* We are going to solve the Frozen lake problem from the open AI gym
* The frozen AI problem consists of 4 * 4 grid of blocks
* Each of the blocks are either being the start block, the goal block , a safe frozen block or a dangerous hole
*  The objective is to have an agent learn to navigate from the start to the goal without moving onto a hole. At any given time the agent can choose to move either up, down, left, or right. The catch is that there is a wind which occasionally blows the agent onto a space they didn’t choose. As such, perfect performance every time is impossible, but learning to avoid the holes and reach the goal are certainly still doable. The reward at every step is 0, except for entering the goal, which provides a reward of 1.
* In it’s simplest implementation, Q-Learning is a table of values for every state (row) and action (column) possible in the environment. Within each cell of the table, we learn a value for how good it is to take a given action within a given state. In the case of the FrozenLake environment, we have 16 possible states (one for each block), and 4 possible actions (the four directions of movement), giving us a 16x4 table of Q-values. We start by initializing the table to be uniform (all zeros), and then as we observe the rewards we obtain for various actions, we update the table accordingly
* for update we are going to use the bellman optimality equation for the q-values

In [1]:
import gym
import numpy as np

In [2]:
env = gym.make ('FrozenLake-v0')

The environment that we have is 
* SFFF
* FHFH
* FFFH
* HFFG

In [3]:
#this is a simple q-learning model
Q = np.zeros ([env.observation_space.n , env.action_space.n ])

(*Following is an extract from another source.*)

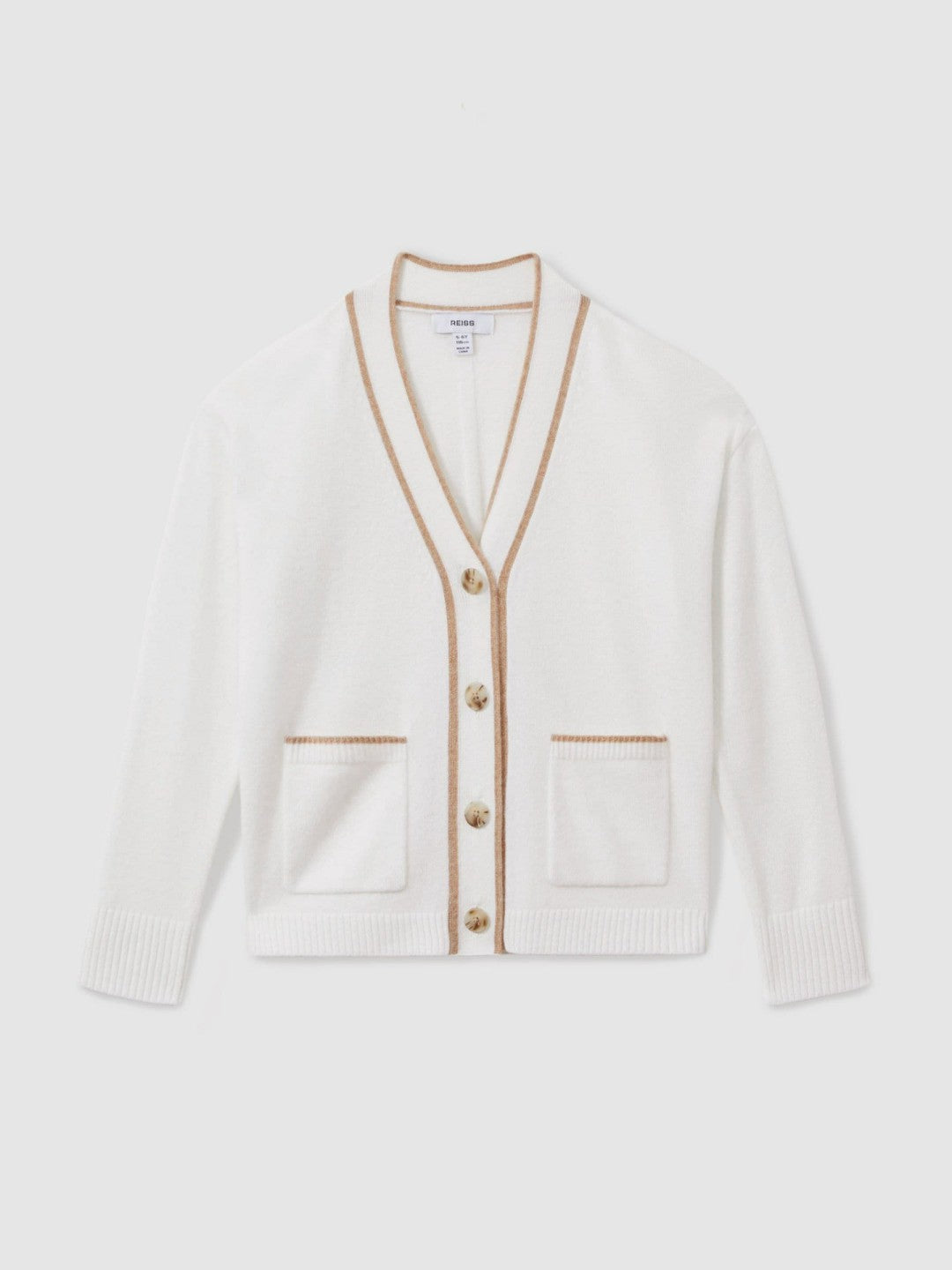 9-13 yrs Wool-Blend Stripe-Detail Cardigan With Cashmere in Cream | Reiss Children & Baby Exclusive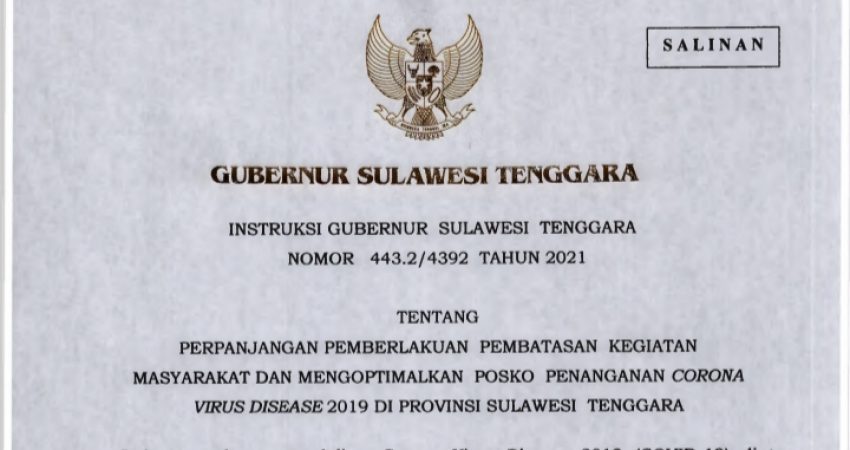 PPKM Kembali Diperpanjang, Ini Isi Surat Instruksi Gubernur Sultra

#set the learning parameters
lr = 0.8
gamma = 0.95
num_episodes = 1000

#list for the rewards
rList = []
for i in range(num_episodes):
    #reset the environment and get first new observation
    s = env.reset()
    rALL = 0                #this is for the total reward
    d = False               #this is to indicate the end of the episode
    j = 0                   #for the number of operations
                            #maxmum size of the episode is 99
                            #fourth paramters gives the probability of being in that state
    
                            #as the value of i increases the randomness decreases
                            #this is from choosing the action, as the value of i increase the effect of the 
                                    #normal distribution shrinks
    
    while j < 99:
        j+=1
        
        #randn is from the standard normal distribution
        
        a = np.argmax (Q[s,:] + np.random.randn(1,env.action_space.n)*(1./(i+1))) 
        
        #get the new state and reward from the environment
        s1 , r , d,_ = env.step(a)
        #updating the value of each state
        #we know the next state from the  step function given above
        #new q value = reward + gamma * (max of Q[s1, :])
        Q[s,a] = Q[s,a]  + lr * (r + gamma * np.max (Q[s1 , :]) - Q[s,a])
    
        #update the reward
        rALL += r
        s = s1              #update the state
        if (d == True):     #end of the episode
            break
    rList.append (rALL)

In [4]:
print ("Score over time : " , sum(rList)/num_episodes)

Score over time :  0.434


In [5]:
print ("final q_values ")
print (np.around(Q, 3))

final q_values 
[[0.106 0.009 0.006 0.009]
 [0.002 0.002 0.001 0.167]
 [0.007 0.006 0.006 0.097]
 [0.001 0.    0.001 0.038]
 [0.185 0.    0.011 0.002]
 [0.    0.    0.    0.   ]
 [0.009 0.    0.    0.   ]
 [0.    0.    0.    0.   ]
 [0.002 0.001 0.002 0.353]
 [0.002 0.632 0.001 0.002]
 [0.841 0.    0.002 0.002]
 [0.    0.    0.    0.   ]
 [0.    0.    0.    0.   ]
 [0.002 0.005 0.506 0.002]
 [0.    0.    0.    0.985]
 [0.    0.    0.    0.   ]]